From 1940, the French government implemented anti-Semite policies aimed at reducing Jewish influences in French society. These included revoking naturalisations, the abolition of the Marchandeau Decree, the first Jewish Statute and the abolition of the Crémieu Decree.

In March 1941, at the request of the Germans, the Vichy government created the Commissariat-General for Jewish Affairs. The Algeria Hôtel was allocated as its headquarters. On 2 June 1941, the Commissariat ratified its second Jewish Statute, further specifying the definition of “Jew,” lengthening the list of professions Jews were prohibited to exercise and ordering a census of Jews living in the Unoccupied Zone. The individual files created by the Commissariat’s censuses enabled the roundups of Jews in 1942 and facilitated their deportation to the Nazi death camps. Economic Aryanisation was another aspect of the Commissariat’s activities.

Xavier Vallat was head of the Commissariat until May 1942. Monsieur Maingonat, owner of the Algeria Hôtel and on very friendly terms with Vallat, remembered him as an “extremely nice man,” always ready to help: “If we needed anything at all, we went to see him. (…) He never hesitated a second, no matter what we asked for.”*

Maingonat’s account shouldn’t be taken as representing the attitude of other hoteliers towards members of the government living on their premises.
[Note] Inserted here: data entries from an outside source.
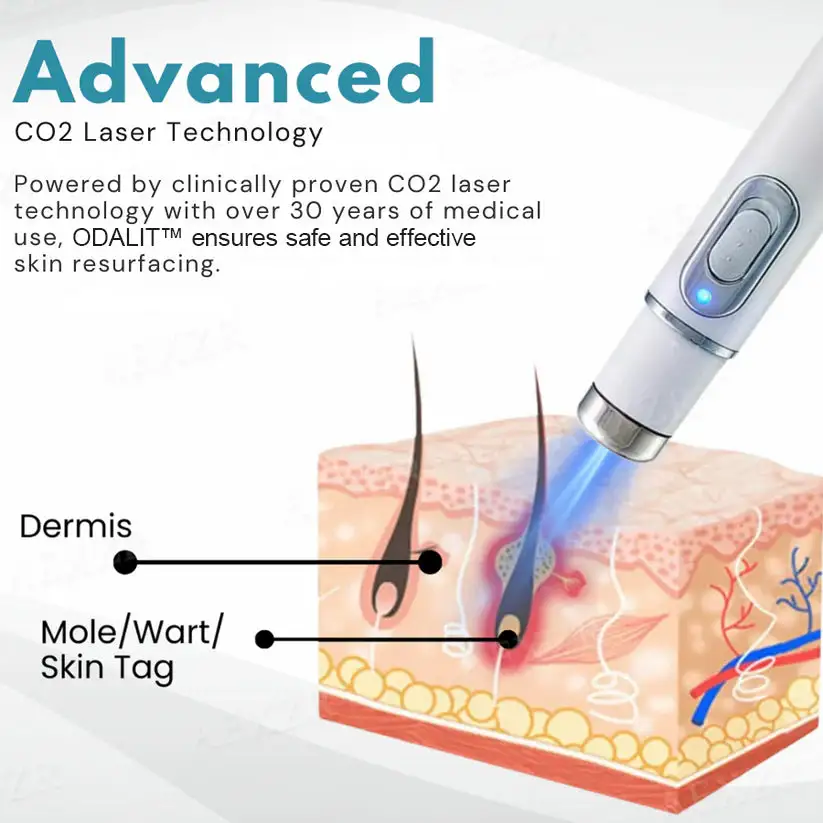 Non-Invasive Mole and Wart Removal Laser Pen - Image 7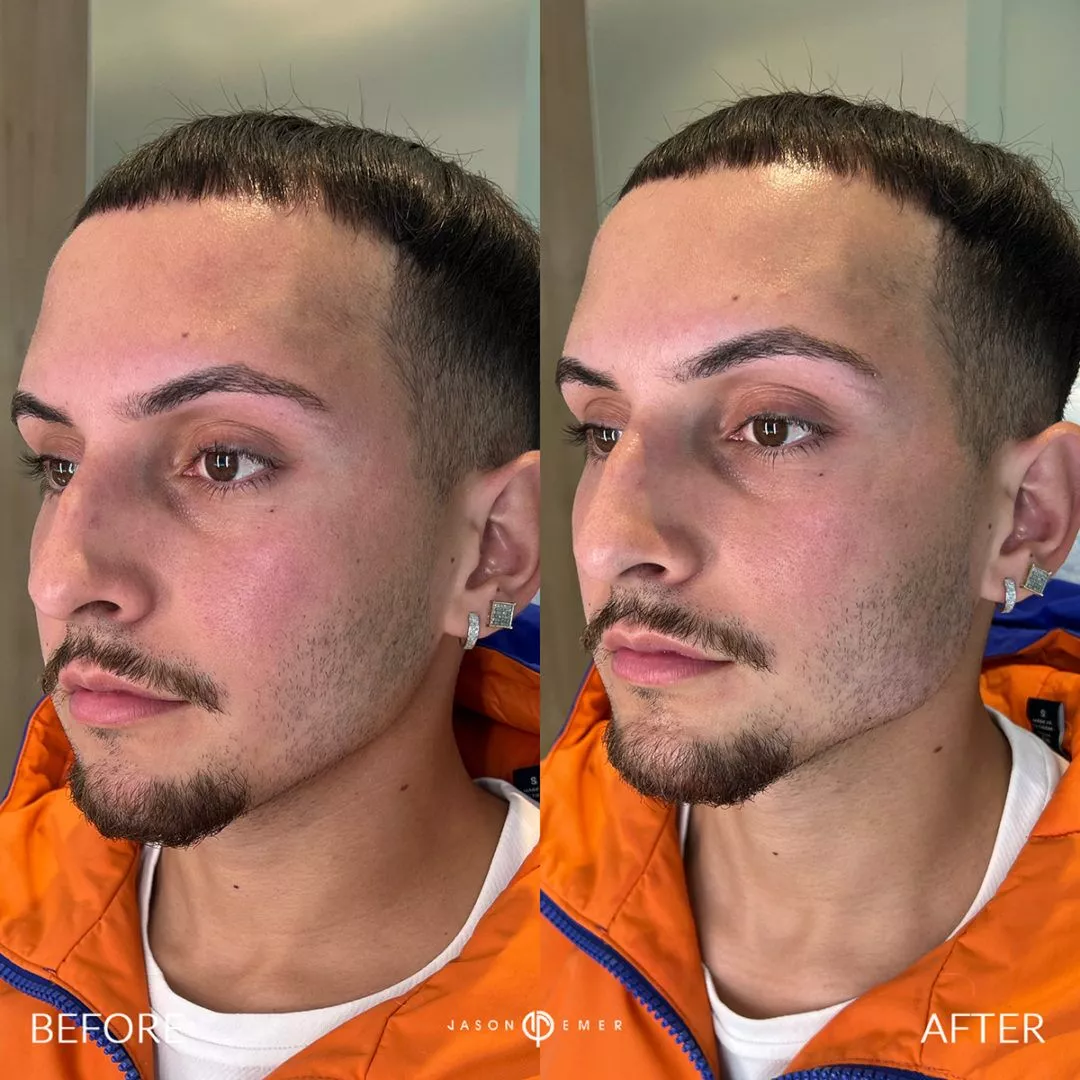 Facial-Sculpting-Male-bxa2-1-1080x1080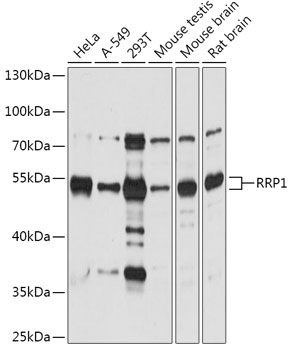 Anti-RRP1 Antibody (CAB17569)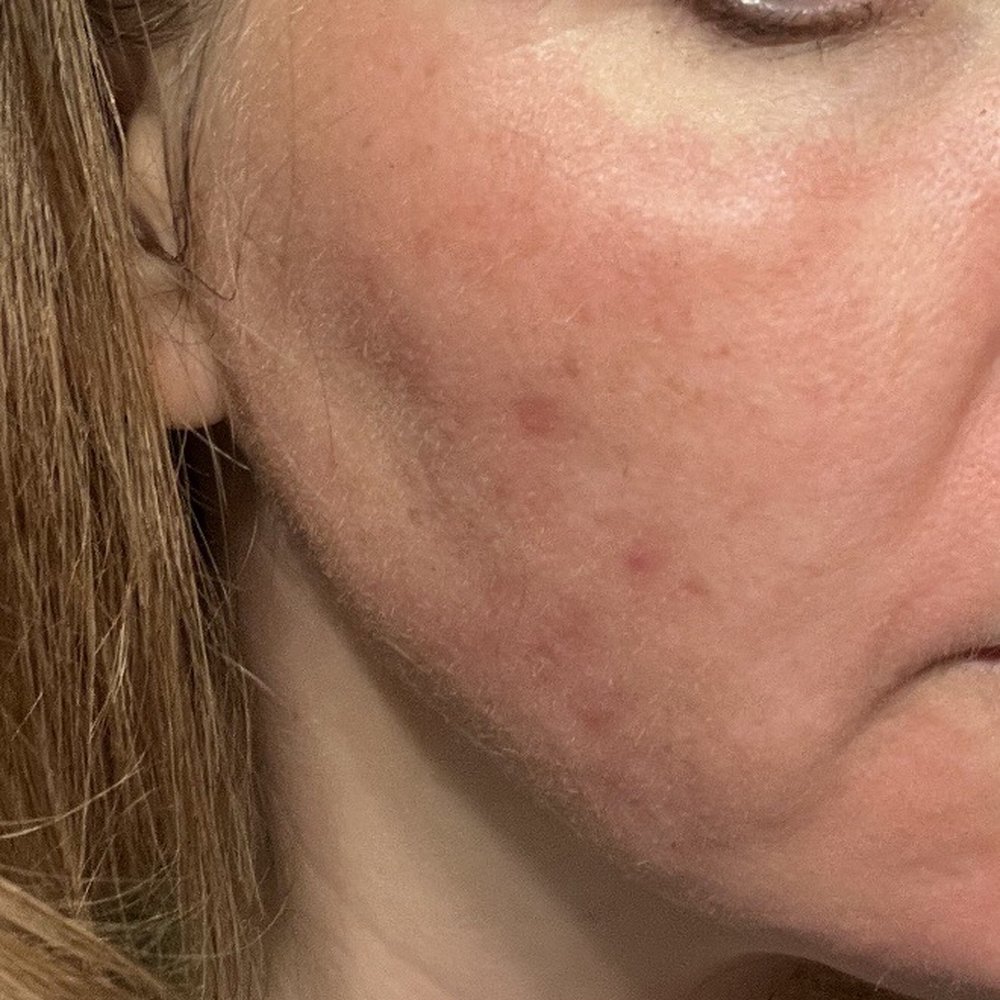 Acne scarring starting to improve after 2 Yag Laser treatments and 2 Tixel treatments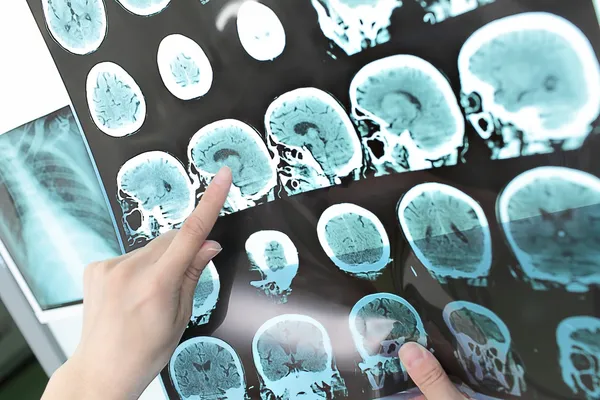Doktor görünümü ct taraması çıktı.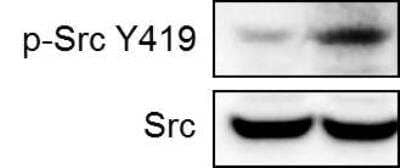 Western Blot: Src Antibody (5A18) [NBP1-19188]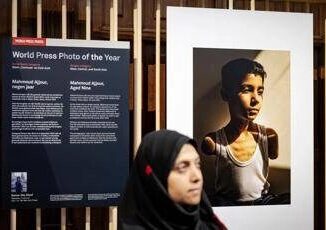 World Press Photo nella foto dellanno un bambino mutilato a Gaza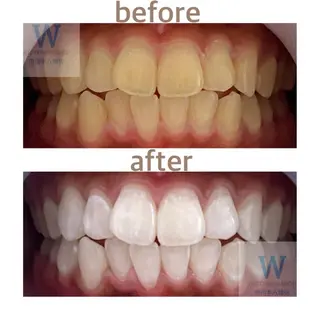 ホワイトニング ショップ本八幡店のエステ・リラクイメージ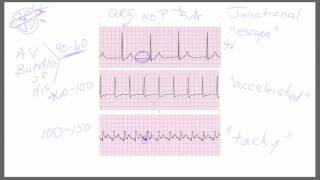 Junctional Rhythms [upl. by Anton]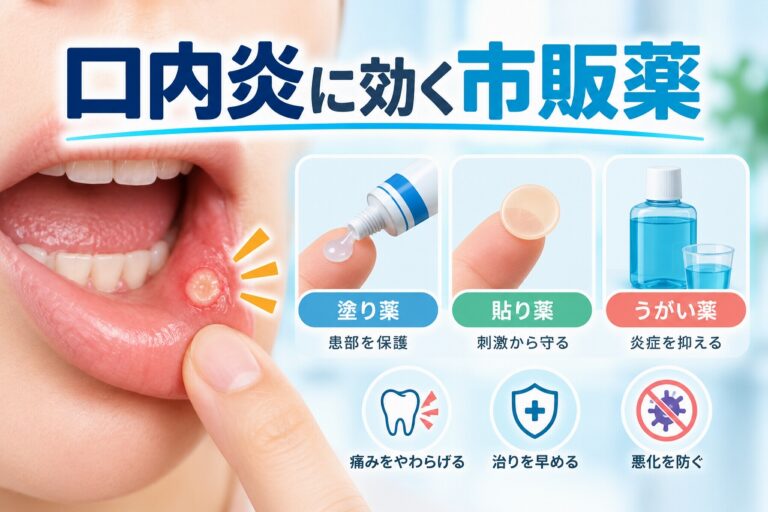 口内炎に使用する市販薬として、塗り薬・貼り薬・うがい薬の3種類とそれぞれの特徴を示したイラスト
But it does show the extent to which daily interaction between the population and the government and the kindness of certain ministers towards the people of Vichy helped humanise the government’s image for some of the local population.

From May 1942 to February 1944, the Commissariat was directed by Louis Darquier de Pellepoix. In February 1944, Charles Mercier du Paty de Clam took over. He was succeeded by Joseph Antignac in May.

* A. Nossiter, The Algeria Hotel, p.189.